Another potentially controversial measure, Resolution A059, arguably redefines “Book of Common Prayer” altogether, by including this language: “The Book of Common Prayer is understood to be those liturgical forms authorized by the General Convention as provided for in Section 2 of this Article.” Section 2 specifies passage at two consecutive General Conventions.
Over the years, many liturgies and other worship resources have been approved by General Convention, either for trial use or as alternatives to the liturgies in the BCP. The task force that sponsored the resolution maintains a website with a long list of such resources, although most do not meet the test of having been approved in identical form in consecutive General Conventions.
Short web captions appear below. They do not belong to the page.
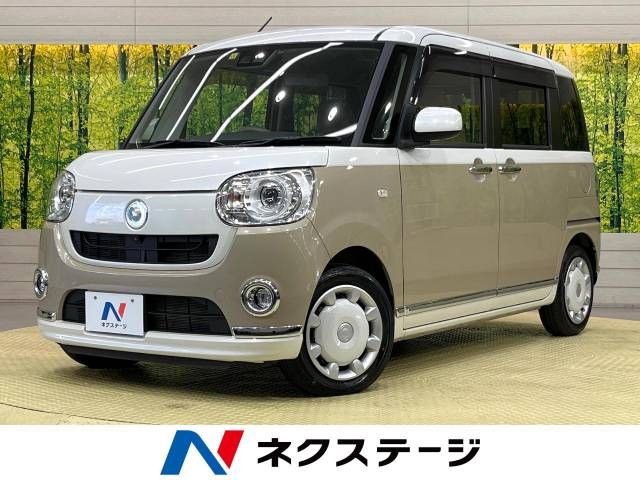 Daihatsu MOVE CANBUS 2020-11 194773-0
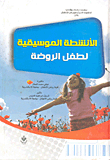 Kindergarten Music Activities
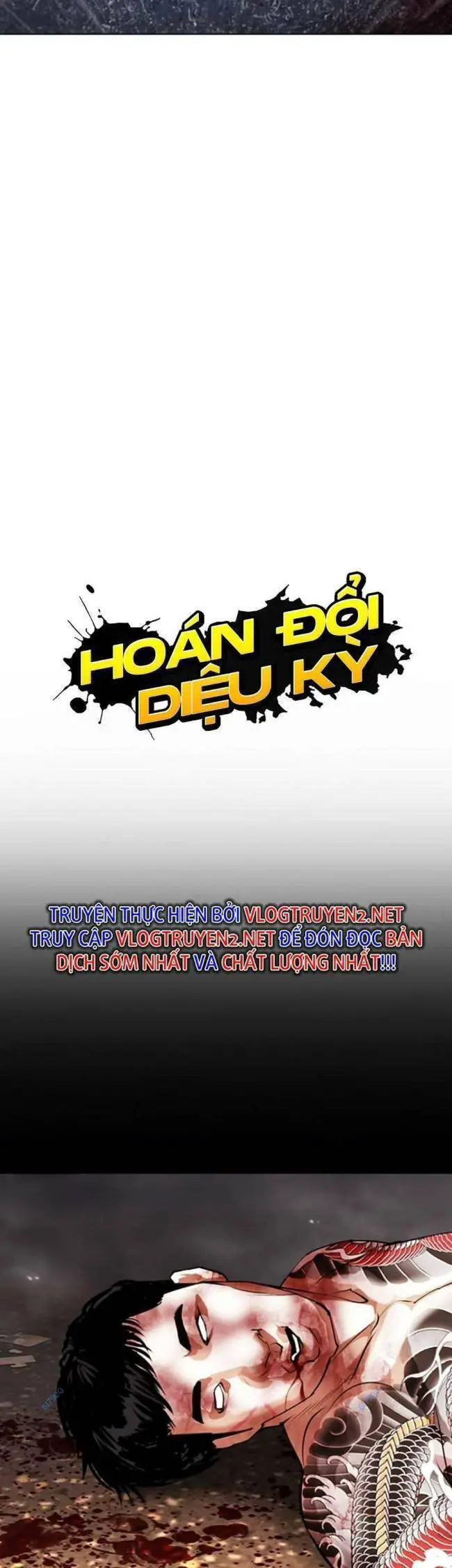 Hoán Đổi Diệu Kỳ Nettruyen ZZZ Chương 427 Page 3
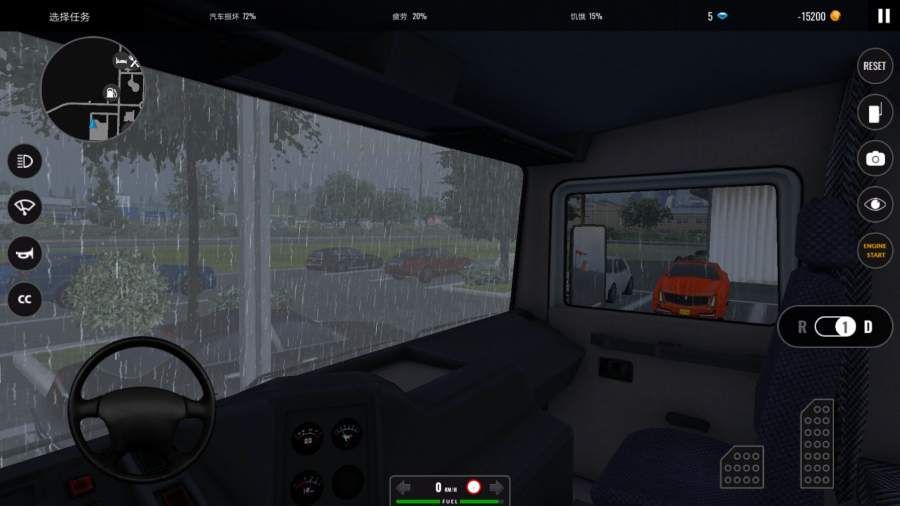 欧洲卡车模拟器2高级版游戏最新中文手机版下载图1:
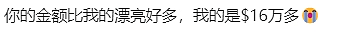 太狠啦，澳洲房东们要崩溃了！$6万刀天价罚单出炉！很多华人家庭都都不知道...（组图） - 8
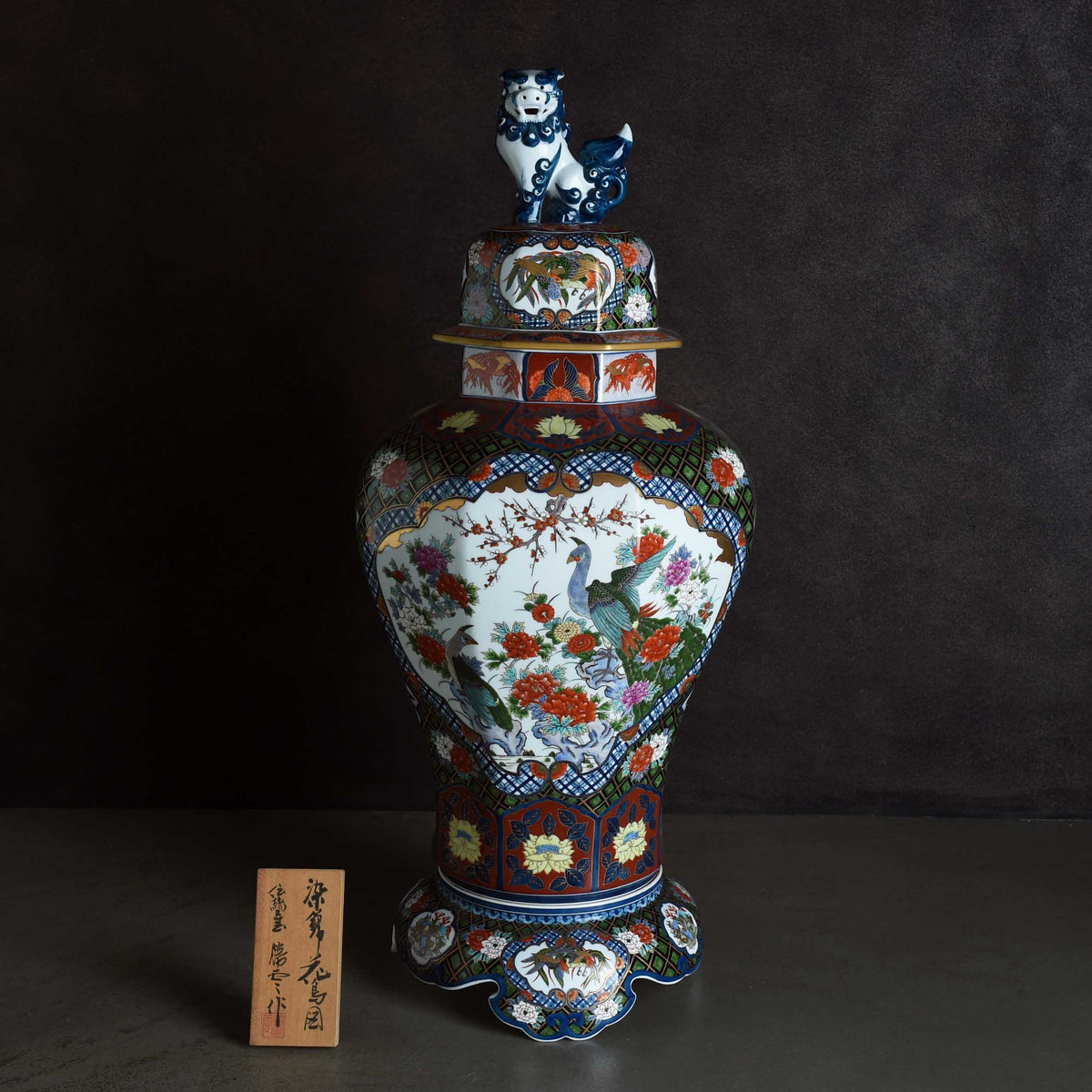 薩摩 錦風作 染錦花鳥図 飾壷 大花瓶 在銘 金彩 花瓶 壺 豪華絢爛 花詰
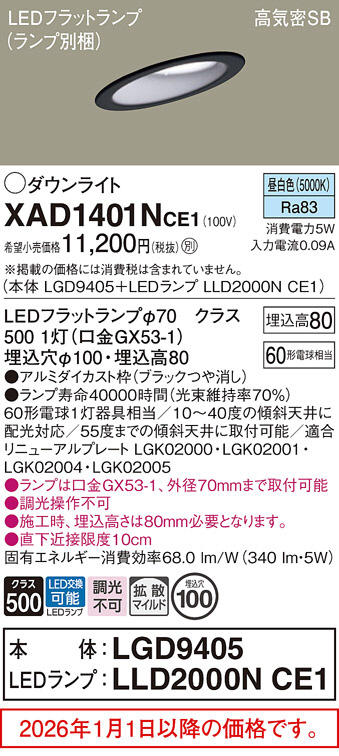 XAD1401NCE1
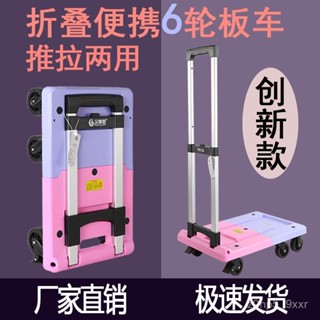 【全館售後無憂】免運 手推車靜音平闆搬運拉貨車小拖車折疊便攜小推車家用手拉車行李車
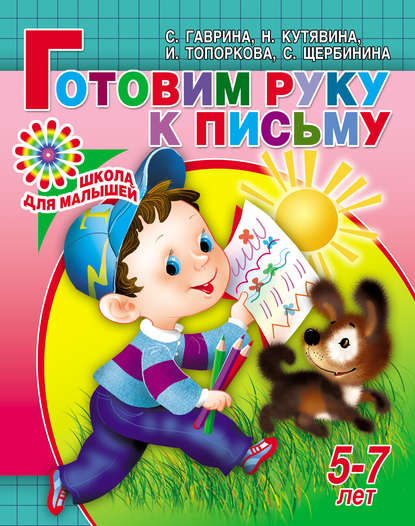 Готовим руку к письму. 5-7 лет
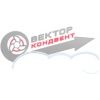 НПЦ Вектор-Кондвент, ООО, производственная компания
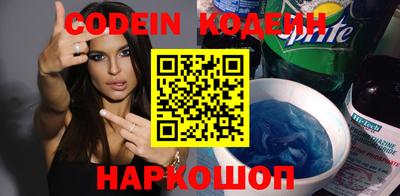 наркотики Брянск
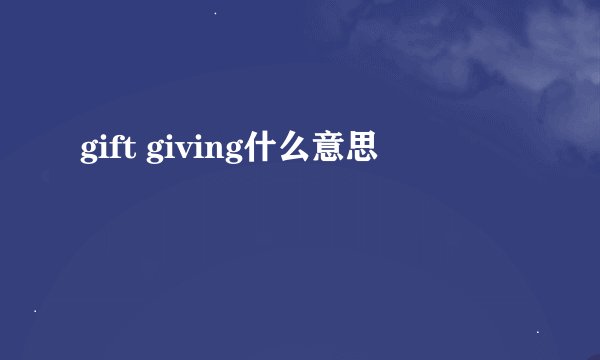 gift giving什么意思
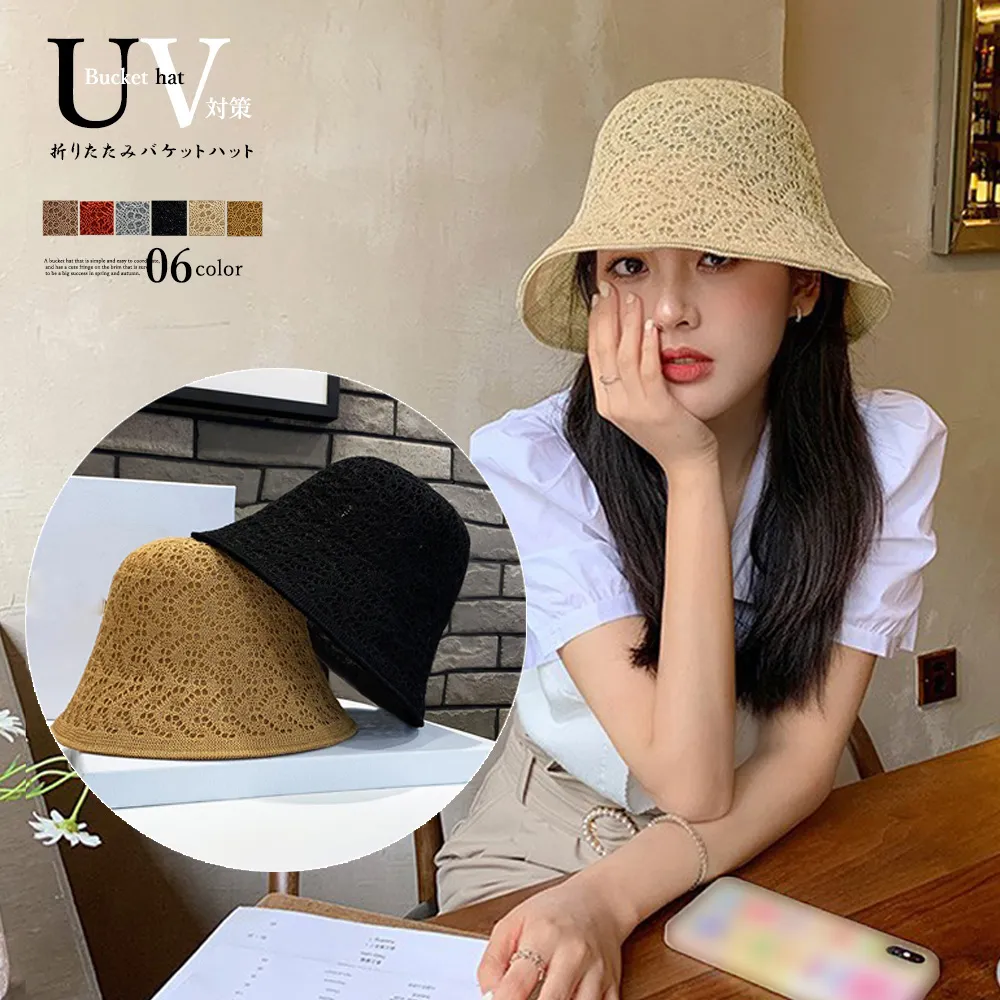 UVカットバケットハット レディース | 通気性抜群で夏に最適なオルチャン風ナチュラル帽子
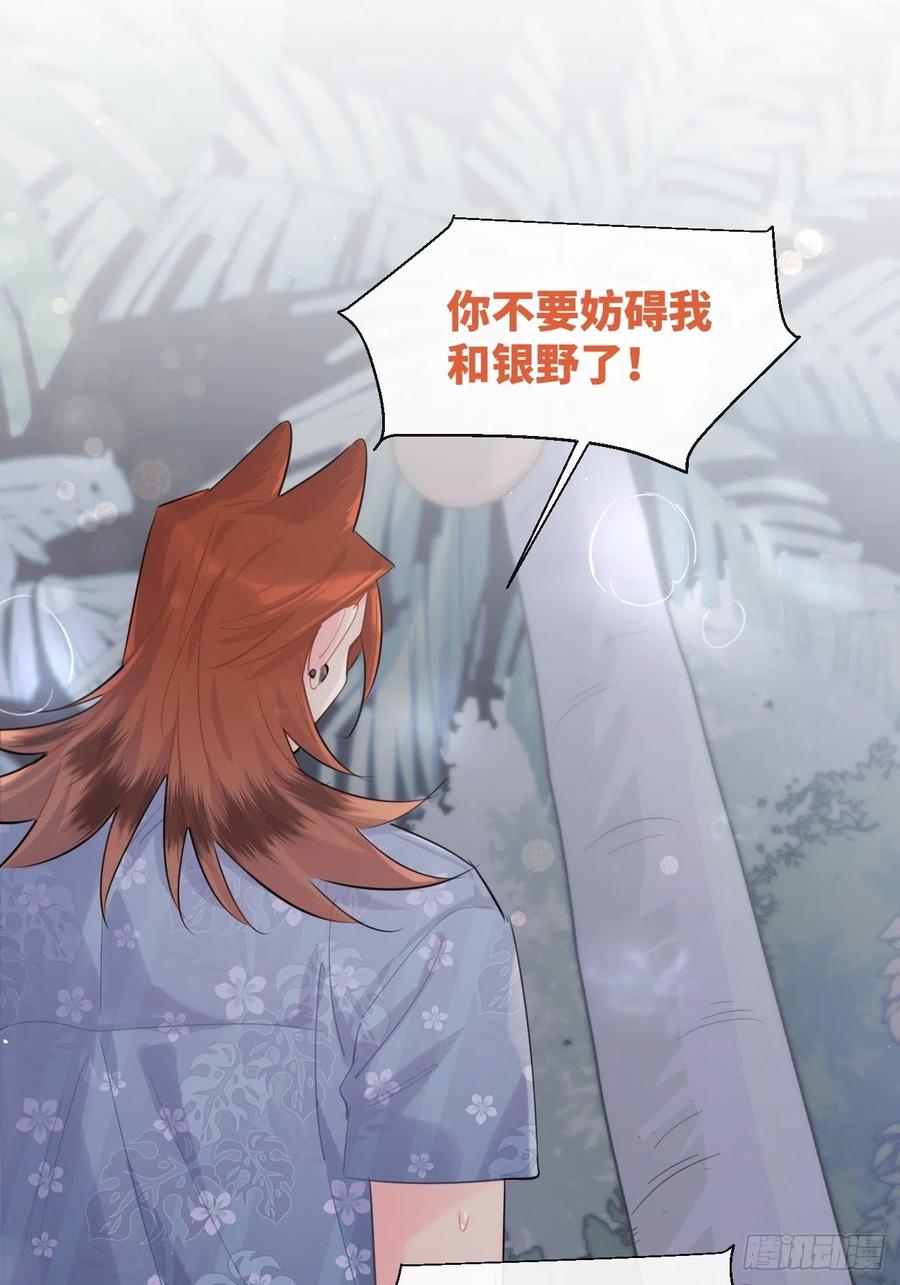 《巧克力于犬是禁止事项》◆28上◆ 争敚 第12页
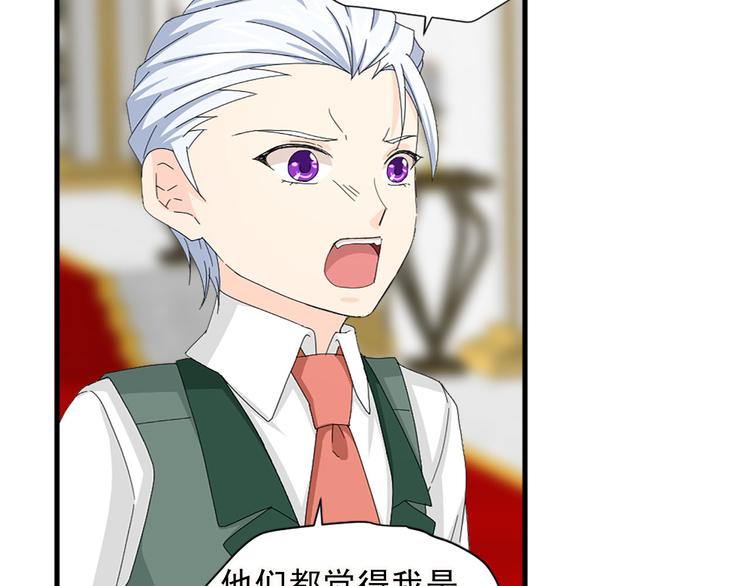 第91话 无理取闹29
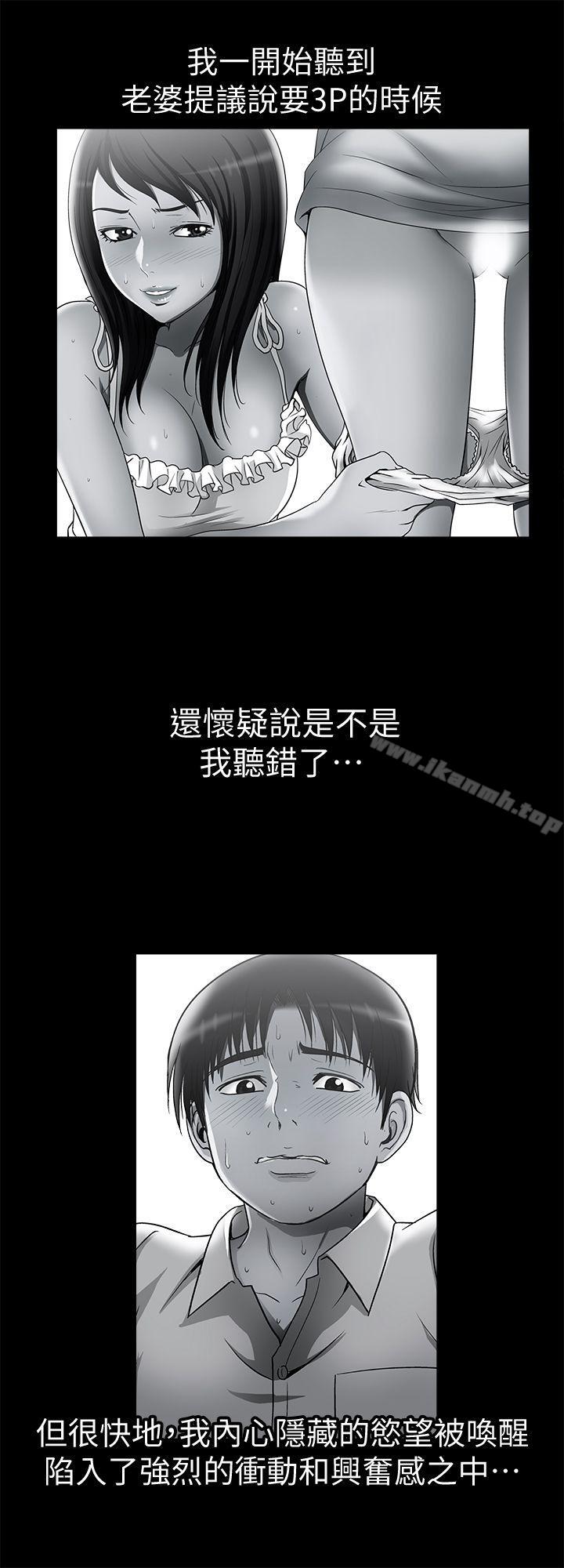 韩国漫画别人的老婆韩漫_别人的老婆-第14话-极致的快乐在线免费阅读-韩国漫画-第7张图片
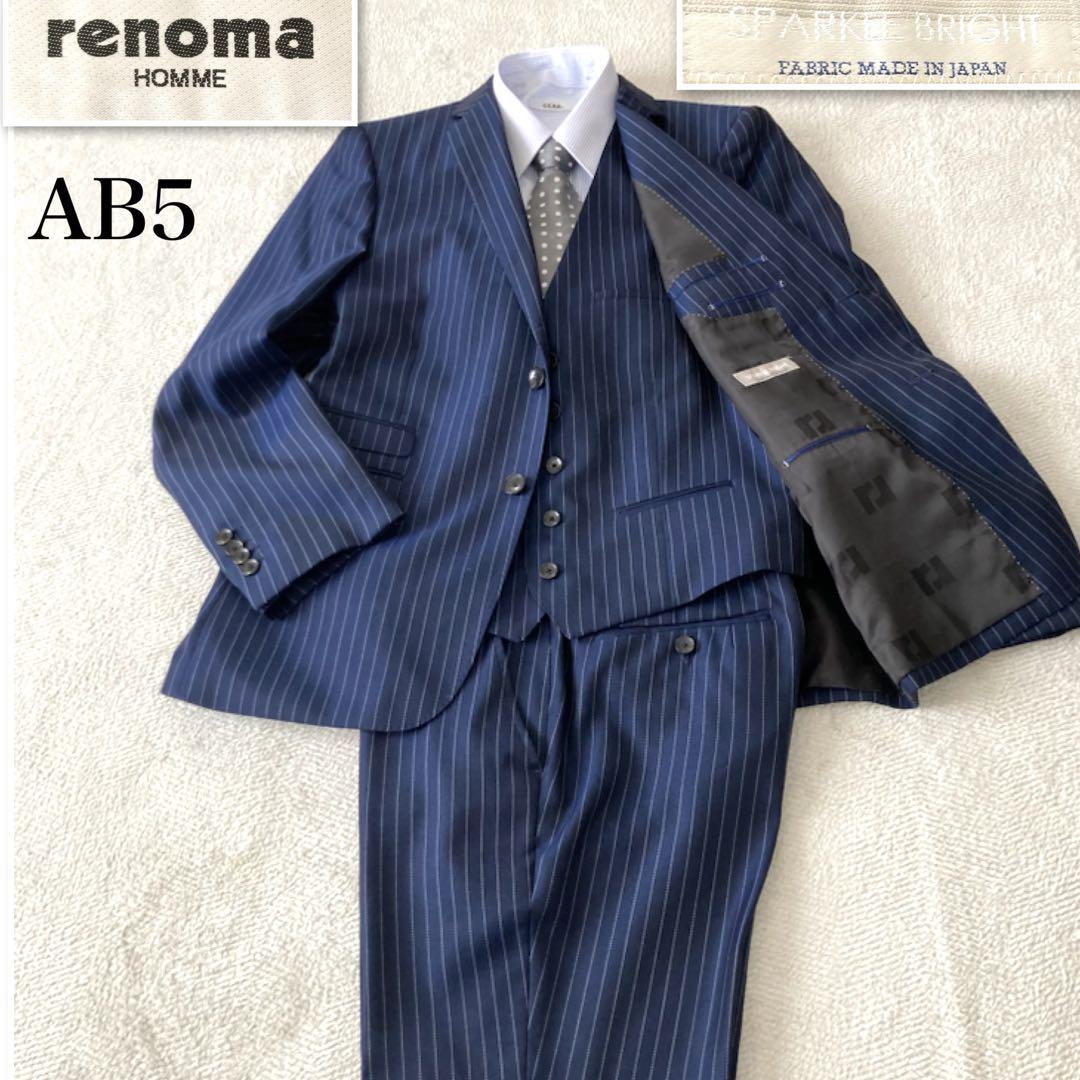 ✨美品✨ remoa HOMME 3ピース スーツ ネイビーストライプ AB5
Other potential hot buttons on the agenda for February 19 include changes to the Lesser Feasts and Fasts Calendar, which honors the people considered saints by the Episcopal Church. Resolution D012 would immediately enshrine Bishop Barbara Harris, the first female bishop in the Anglican Communion, who died in 2020. Episcopal News Service reported in September on a “growing movement” to establish a feast day for Harris.
The resolution would bypass the typical practice of requiring two consecutive General Conventions to approve additions to Lesser Feasts and Fasts. It also runs counter to proposed Resolution A010, “Lesser Feasts and Fasts Revision Principles,” which among other things states “It should normatively be the case that a person be included in the Calendar only after two generations or fifty years have elapsed since that person’s death.” Advocates on behalf of Harris cite past cases where each of these provisions have been waived.
Resolution D011 would remove the Rev. William Porcher DuBose from Lesser Feasts and Fasts. DuBose, a noted theologian, was also an officer in the Confederate Army whose family owned more than 200 enslaved persons.